▶ Given information
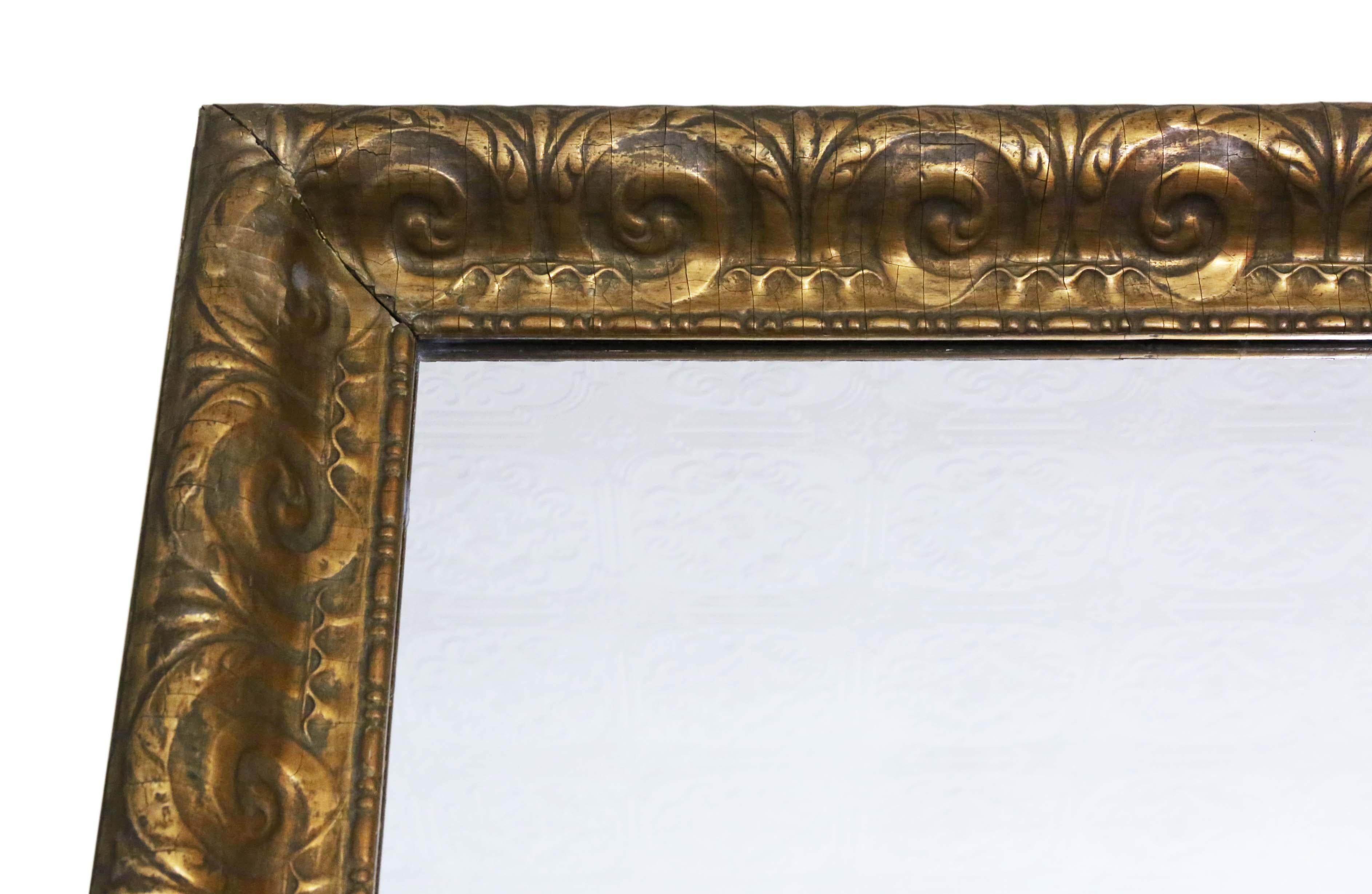 Antique 19th Century Very Large Gilt Wall Mirror Overmantle In Good Condition For Sale In Wisbech, Cambridgeshire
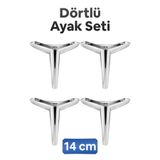 Badem10 Piko 4 Adet Lüks Mobilya Kanepe Sehpa Tv Ünitesi Koltuk Ayağı 14 cm Parlak Krom Baza Ayakları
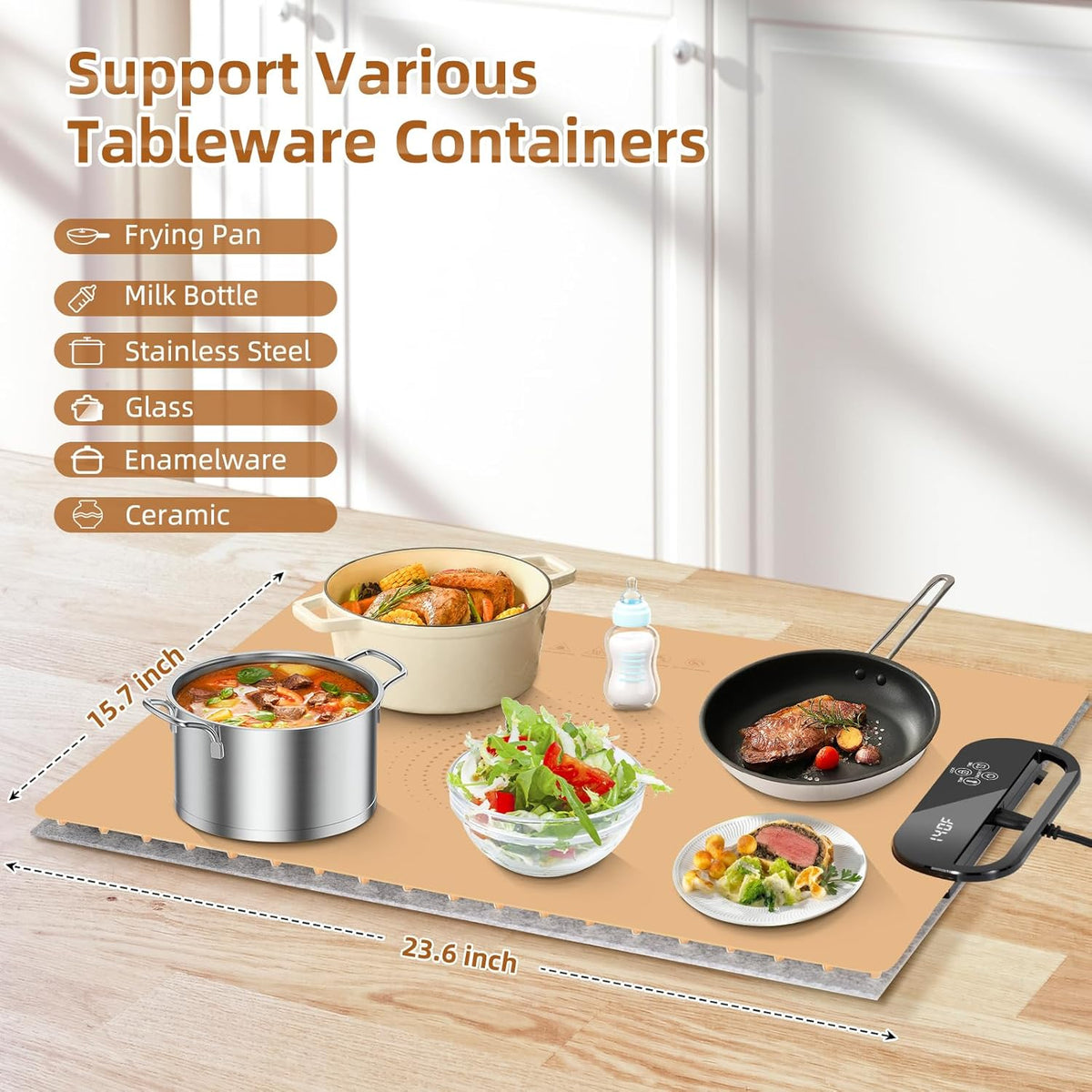 Electric Warming Tray with 7 Adjustable Temperatures, Hanging & Foldable Food Warmer Mat with Child Lock, 11 Timer Settings, Fast Heating Plate for Buffet, Paties, Family Gatherings, Holidays, Brown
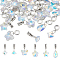 30Pcs 6 Style AB Color Plated Facted Glass Pendants, with Alloy Findings, Butterfly & Flower & Star & Teardrop & Rhombus & Fan Charms, Clear AB, 21~28mm, Hole: 4.6mm, 5Pcs/style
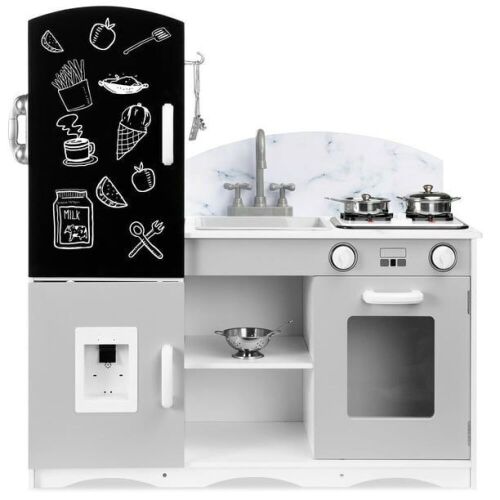 Wooden Pretend Play Kitchen Toy Set for Kids w/ Chalkboard, Marble Backdrop, 7 Accessories - Gray - Lot 116
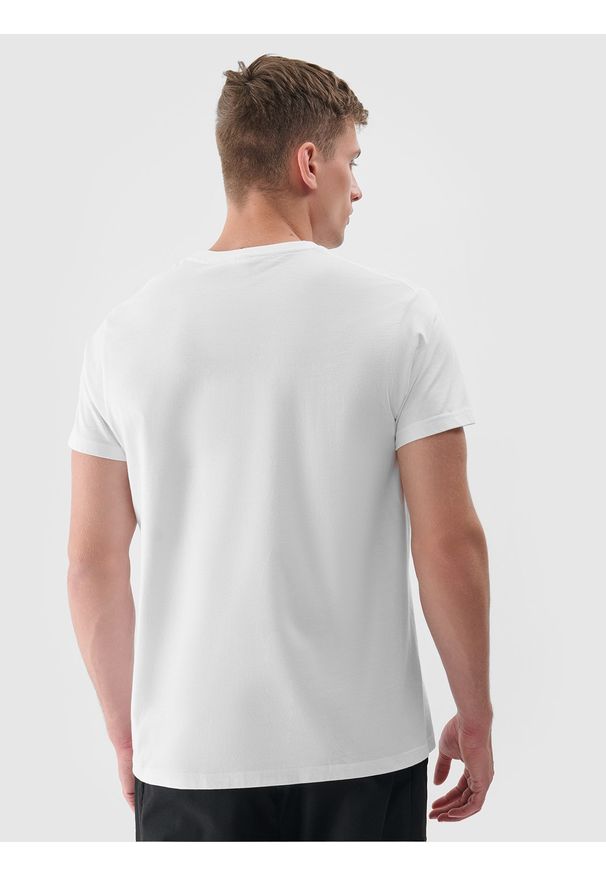 4f - 4F T-shirt z nadrukiem regular męski - biały M. Okazja: na co dzień. Kolor: biały. Materiał: bawełna, jersey, dzianina. Wzór: nadruk. Styl: sportowy, casual, klasyczny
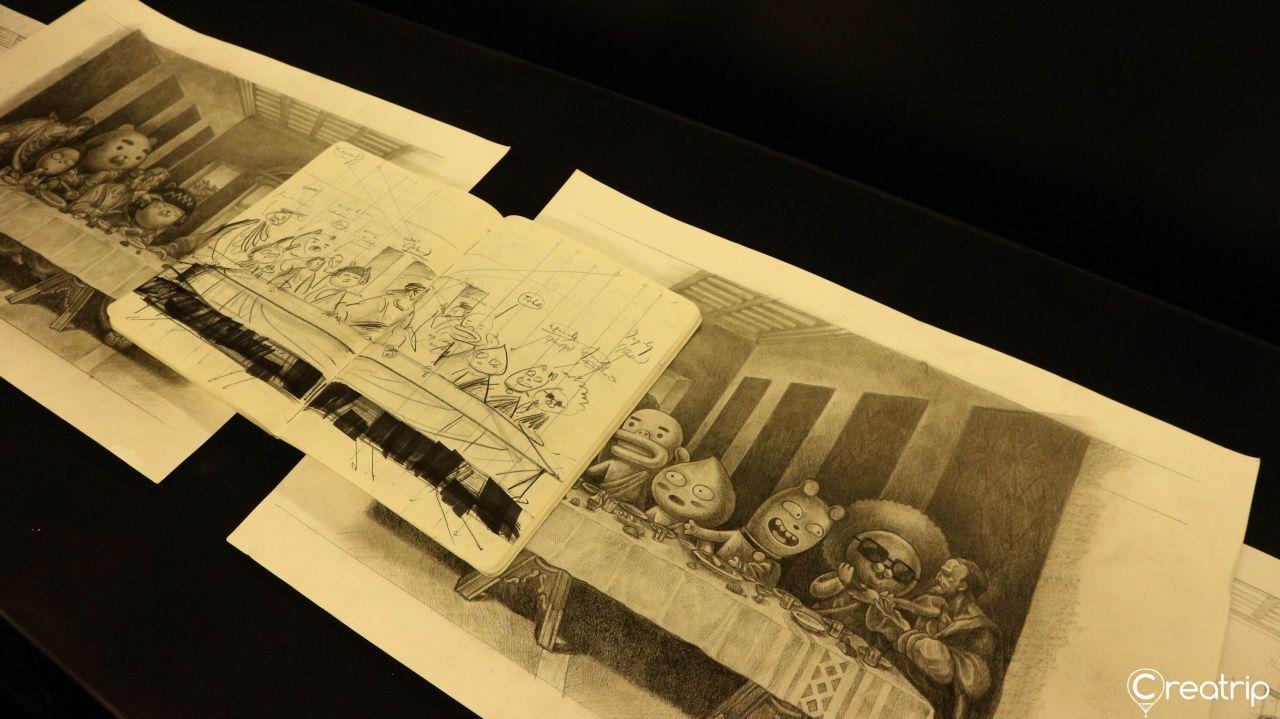 Kakao Friends art creation area with visitor-customized sketches adorning walls.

▶ Task goal
Take the line that holds "Wooden Pretend Play" as the start and the last line of the data as the end. Copy only those lines exactly, both ends included, except the pictures.

▶ Solution to this task
 Wooden Pretend Play Kitchen Toy Set for Kids w/ Chalkboard, Marble Backdrop, 7 Accessories - Gray - Lot 116
 4f - 4F T-shirt z nadrukiem regular męski - biały M. Okazja: na co dzień. Kolor: biały. Materiał: bawełna, jersey, dzianina. Wzór: nadruk. Styl: sportowy, casual, klasyczny
 Kakao Friends art creation area with visitor-customized sketches adorning walls.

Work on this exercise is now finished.